> _ASSIGNMENT_
Return verbatim the line containing "Luxury House for" together with all lines that follow it, through the end of the records.

> _DATA TO EXAMINE_
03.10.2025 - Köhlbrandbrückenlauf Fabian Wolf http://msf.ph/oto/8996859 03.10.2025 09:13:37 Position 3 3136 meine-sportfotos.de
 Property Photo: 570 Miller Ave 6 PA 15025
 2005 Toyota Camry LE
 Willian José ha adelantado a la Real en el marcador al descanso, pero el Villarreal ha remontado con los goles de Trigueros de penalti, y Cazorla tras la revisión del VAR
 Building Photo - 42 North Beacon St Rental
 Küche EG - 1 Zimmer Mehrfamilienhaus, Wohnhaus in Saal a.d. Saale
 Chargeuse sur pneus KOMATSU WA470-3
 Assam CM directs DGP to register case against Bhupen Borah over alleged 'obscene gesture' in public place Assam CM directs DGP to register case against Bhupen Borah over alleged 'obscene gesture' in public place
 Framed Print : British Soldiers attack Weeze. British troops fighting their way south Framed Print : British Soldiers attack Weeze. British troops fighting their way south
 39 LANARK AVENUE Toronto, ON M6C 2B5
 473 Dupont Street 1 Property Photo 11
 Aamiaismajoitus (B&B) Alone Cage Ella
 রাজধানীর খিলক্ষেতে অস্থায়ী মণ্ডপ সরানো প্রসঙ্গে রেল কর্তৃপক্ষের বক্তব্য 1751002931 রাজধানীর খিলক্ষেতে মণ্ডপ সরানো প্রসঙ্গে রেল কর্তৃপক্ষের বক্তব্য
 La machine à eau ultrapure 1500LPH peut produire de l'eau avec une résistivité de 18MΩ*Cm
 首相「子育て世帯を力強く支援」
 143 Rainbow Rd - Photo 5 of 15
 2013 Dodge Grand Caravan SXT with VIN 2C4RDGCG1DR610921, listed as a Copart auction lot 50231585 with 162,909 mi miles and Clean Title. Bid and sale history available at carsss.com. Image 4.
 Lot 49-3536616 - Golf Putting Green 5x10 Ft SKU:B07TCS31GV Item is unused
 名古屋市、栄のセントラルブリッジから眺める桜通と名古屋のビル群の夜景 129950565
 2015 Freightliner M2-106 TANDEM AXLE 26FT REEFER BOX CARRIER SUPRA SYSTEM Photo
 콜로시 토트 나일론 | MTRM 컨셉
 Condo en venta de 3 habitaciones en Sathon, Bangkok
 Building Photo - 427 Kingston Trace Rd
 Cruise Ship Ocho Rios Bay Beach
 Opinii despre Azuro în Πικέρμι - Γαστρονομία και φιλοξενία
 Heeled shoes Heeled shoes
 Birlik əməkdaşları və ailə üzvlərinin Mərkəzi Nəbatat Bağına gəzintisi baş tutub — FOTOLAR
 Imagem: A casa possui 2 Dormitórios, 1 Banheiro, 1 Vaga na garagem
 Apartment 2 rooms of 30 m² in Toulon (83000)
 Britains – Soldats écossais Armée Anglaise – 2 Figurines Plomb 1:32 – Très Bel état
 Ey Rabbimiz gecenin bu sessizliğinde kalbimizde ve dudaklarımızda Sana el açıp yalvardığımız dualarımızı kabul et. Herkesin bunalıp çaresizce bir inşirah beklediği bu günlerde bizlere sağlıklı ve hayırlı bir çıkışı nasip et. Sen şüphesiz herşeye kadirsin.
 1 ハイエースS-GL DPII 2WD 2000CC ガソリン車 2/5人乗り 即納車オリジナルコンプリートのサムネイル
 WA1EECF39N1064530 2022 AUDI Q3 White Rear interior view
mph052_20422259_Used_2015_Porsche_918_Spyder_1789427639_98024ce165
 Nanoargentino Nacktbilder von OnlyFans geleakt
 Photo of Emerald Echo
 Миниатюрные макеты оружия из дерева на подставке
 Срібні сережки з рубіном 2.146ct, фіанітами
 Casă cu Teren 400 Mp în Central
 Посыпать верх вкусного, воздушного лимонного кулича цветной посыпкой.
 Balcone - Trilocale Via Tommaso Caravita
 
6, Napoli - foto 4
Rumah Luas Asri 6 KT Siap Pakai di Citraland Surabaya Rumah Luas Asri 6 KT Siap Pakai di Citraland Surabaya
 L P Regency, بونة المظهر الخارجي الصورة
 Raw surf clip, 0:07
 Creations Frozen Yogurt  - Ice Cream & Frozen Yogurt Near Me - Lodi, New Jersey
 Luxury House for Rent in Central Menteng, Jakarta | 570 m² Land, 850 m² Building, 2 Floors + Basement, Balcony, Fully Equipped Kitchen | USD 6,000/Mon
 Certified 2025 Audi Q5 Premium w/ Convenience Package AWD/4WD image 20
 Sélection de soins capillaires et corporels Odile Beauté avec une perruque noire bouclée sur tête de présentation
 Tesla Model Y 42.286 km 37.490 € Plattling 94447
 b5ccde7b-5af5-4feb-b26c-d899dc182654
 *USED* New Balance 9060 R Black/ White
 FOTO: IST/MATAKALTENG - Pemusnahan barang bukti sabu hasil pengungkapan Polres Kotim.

> _SOLUTION FOR THIS TASK_
 Luxury House for Rent in Central Menteng, Jakarta | 570 m² Land, 850 m² Building, 2 Floors + Basement, Balcony, Fully Equipped Kitchen | USD 6,000/Mon
 Certified 2025 Audi Q5 Premium w/ Convenience Package AWD/4WD image 20
 Sélection de soins capillaires et corporels Odile Beauté avec une perruque noire bouclée sur tête de présentation
 Tesla Model Y 42.286 km 37.490 € Plattling 94447
 b5ccde7b-5af5-4feb-b26c-d899dc182654
 *USED* New Balance 9060 R Black/ White
 FOTO: IST/MATAKALTENG - Pemusnahan barang bukti sabu hasil pengungkapan Polres Kotim.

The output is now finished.